Creativity comes with a price.
And the stakes rise exponentially when you are forced to pursue a career that rewards you in monetary terms, but shoves your creativity in the closet.
But, there is a ray of hope breaking through in the Indian publishing industry, guiding closet writers towards literary fame and creative satisfaction, as many new authors with regular jobs are releasing book titles.
This trend rivets at author Hugh MacLeod’s Sex And Cash Theory, which says that creative people balance their need to make a living and maintain one’s creative sovereignty, with a day job and a creative outlet.
Vikas Rathi, who penned Resident Dormitus, says, “Having a job gives you the financial stability and allows you to write what you are most intrigued about.”
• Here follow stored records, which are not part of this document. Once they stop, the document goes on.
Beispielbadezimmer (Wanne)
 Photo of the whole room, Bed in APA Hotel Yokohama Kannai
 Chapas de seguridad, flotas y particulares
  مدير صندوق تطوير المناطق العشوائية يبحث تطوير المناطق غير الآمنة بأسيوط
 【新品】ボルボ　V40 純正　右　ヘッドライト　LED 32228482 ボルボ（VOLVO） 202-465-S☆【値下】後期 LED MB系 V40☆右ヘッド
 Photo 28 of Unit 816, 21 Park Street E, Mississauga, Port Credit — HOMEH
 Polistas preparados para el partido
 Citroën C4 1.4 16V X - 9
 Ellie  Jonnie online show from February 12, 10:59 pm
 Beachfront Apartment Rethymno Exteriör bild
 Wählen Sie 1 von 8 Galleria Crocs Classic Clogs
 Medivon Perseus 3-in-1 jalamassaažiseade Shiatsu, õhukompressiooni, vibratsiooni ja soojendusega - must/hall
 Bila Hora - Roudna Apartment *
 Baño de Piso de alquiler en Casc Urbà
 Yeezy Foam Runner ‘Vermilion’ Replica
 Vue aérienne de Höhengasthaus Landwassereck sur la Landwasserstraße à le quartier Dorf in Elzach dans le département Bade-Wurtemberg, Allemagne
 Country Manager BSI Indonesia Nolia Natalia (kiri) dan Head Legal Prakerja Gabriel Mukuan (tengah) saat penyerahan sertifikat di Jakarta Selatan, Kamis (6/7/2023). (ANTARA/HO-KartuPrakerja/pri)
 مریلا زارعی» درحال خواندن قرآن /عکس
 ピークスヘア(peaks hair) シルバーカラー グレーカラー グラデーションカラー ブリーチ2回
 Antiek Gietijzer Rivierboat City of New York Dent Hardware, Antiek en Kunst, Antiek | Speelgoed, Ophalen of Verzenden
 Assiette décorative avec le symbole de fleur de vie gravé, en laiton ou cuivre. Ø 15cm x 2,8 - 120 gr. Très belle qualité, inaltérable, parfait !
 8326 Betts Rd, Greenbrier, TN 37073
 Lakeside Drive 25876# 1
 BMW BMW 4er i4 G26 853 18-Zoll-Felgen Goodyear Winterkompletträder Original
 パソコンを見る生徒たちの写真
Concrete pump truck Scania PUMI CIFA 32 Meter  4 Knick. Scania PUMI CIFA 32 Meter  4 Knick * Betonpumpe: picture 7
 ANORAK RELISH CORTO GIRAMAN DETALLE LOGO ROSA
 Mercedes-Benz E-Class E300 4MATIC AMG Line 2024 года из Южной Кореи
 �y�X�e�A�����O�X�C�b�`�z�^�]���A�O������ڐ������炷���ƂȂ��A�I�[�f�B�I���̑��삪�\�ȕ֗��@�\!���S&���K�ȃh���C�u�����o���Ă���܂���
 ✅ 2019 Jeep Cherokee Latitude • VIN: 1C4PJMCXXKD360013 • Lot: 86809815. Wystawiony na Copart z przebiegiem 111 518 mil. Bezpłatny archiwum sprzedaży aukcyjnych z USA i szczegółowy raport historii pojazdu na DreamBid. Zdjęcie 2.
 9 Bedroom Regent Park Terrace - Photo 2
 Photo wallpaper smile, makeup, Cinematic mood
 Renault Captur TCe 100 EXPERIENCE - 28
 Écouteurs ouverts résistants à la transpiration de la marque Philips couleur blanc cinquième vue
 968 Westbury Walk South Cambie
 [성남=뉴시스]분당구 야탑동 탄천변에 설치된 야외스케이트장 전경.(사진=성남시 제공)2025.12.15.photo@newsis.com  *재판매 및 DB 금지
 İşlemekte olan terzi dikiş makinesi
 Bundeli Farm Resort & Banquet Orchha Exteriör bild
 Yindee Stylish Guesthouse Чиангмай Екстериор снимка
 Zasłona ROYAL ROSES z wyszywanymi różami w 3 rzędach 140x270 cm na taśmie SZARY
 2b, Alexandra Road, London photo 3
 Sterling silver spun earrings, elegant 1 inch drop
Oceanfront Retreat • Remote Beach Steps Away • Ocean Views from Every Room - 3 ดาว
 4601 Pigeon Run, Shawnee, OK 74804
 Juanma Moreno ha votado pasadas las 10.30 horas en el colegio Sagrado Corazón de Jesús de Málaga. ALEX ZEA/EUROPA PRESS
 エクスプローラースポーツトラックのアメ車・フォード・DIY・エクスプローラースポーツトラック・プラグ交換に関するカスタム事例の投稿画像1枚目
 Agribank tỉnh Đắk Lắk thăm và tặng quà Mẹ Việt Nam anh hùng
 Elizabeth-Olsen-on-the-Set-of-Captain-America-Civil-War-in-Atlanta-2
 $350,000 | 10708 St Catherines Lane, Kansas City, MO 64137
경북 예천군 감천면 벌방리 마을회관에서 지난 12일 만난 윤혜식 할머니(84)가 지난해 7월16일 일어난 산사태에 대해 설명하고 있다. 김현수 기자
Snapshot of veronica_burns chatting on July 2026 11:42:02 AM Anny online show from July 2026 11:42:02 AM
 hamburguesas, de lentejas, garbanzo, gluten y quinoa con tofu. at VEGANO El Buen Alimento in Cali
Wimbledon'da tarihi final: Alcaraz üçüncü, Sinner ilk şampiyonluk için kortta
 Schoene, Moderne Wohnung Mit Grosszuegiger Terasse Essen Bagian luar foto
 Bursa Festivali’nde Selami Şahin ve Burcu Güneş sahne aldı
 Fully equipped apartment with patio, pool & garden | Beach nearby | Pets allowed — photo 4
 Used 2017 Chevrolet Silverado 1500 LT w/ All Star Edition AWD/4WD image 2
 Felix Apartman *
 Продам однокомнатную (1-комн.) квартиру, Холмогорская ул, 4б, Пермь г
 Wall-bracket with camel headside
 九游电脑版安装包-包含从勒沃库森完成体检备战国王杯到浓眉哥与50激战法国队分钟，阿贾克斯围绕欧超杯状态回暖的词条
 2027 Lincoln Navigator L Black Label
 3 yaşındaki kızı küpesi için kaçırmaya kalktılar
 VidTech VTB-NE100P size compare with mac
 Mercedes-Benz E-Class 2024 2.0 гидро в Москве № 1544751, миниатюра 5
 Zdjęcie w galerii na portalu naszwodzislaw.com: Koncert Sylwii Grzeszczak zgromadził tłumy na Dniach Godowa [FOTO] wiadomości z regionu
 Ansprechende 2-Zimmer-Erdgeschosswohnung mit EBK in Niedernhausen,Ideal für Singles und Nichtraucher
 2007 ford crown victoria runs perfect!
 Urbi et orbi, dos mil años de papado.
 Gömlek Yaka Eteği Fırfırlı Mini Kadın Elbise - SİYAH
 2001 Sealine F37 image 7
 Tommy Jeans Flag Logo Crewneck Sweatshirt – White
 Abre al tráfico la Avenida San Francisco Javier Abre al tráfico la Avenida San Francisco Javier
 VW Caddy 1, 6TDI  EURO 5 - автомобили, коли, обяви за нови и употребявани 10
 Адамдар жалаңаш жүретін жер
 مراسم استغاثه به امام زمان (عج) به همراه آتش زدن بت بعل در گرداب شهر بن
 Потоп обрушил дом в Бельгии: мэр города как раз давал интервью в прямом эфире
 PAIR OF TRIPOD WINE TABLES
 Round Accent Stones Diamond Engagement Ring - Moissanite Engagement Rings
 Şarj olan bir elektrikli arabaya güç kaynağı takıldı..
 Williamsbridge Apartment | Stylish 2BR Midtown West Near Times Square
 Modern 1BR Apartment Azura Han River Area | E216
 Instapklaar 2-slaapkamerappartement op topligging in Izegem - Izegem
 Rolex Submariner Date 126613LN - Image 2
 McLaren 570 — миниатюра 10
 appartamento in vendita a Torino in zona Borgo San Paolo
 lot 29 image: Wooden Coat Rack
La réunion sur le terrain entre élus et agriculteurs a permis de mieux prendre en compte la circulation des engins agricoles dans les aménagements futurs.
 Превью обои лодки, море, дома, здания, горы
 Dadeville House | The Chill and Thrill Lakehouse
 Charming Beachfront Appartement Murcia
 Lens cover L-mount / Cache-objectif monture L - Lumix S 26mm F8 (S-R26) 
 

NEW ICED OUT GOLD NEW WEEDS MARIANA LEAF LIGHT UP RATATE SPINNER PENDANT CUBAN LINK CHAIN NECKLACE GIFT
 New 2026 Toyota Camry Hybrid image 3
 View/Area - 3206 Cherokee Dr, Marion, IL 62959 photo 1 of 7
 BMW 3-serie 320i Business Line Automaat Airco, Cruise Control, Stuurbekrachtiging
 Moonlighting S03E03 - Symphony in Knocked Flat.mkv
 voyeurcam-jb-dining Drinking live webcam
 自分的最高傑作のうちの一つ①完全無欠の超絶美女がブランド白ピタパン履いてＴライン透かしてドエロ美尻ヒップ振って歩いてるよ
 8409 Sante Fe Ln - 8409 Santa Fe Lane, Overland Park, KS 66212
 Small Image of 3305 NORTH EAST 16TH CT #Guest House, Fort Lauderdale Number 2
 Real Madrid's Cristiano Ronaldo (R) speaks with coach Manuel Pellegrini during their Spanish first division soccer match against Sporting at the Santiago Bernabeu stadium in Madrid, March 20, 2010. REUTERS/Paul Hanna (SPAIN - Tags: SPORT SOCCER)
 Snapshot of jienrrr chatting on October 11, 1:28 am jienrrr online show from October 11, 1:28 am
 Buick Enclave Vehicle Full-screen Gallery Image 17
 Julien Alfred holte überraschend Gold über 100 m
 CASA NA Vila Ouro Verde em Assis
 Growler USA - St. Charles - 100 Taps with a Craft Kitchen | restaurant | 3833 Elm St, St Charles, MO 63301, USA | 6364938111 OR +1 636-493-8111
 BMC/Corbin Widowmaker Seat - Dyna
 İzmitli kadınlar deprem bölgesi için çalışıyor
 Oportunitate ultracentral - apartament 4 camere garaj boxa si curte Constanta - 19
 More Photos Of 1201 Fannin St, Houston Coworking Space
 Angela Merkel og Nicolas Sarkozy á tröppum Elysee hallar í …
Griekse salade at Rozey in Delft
Amish Tripathi, the author of The Immortals Of Meluha adds, “The sad truth is that writing is not really a lucrative career. And it’s not possible to ignore responsibilities.”
However, mostly when opportunities come knocking, time becomes a constraint with a nine to five job. What follows is the circumventing of the social circle.
“Whenever you take up something new, you will need to give up something else. I gave up on my social life for a while,” says Rathi.
The financial security also helps writers deliver quality content.
“I can wait for the right publisher and continue writing, whether the novel is a bestseller or not,” says Rathi.
On a different note, Ruchita Misra, the author of (In)eligible Bachelors, feels that it is not necessary to have a job.
“It is tough. But the way out is to find a support system,” she says.